DATA TO PROCESS

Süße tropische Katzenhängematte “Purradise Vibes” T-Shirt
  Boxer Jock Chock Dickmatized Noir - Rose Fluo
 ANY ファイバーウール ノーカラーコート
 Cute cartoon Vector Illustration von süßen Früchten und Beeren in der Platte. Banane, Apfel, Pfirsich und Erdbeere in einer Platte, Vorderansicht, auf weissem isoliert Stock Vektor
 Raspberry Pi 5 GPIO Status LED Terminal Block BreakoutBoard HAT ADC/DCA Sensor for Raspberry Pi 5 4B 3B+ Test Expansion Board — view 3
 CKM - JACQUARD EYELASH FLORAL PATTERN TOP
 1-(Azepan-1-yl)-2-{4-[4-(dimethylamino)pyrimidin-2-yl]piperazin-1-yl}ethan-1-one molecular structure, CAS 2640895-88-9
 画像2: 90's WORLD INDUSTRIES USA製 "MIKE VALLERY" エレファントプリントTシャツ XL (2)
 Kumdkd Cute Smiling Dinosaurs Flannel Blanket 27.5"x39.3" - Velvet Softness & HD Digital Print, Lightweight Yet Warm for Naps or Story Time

WORK TO BE COMPLETED
Lines with the word "Cute": how many appear in the data? State only the number.

SOLUTION TO THIS PROBLEM
2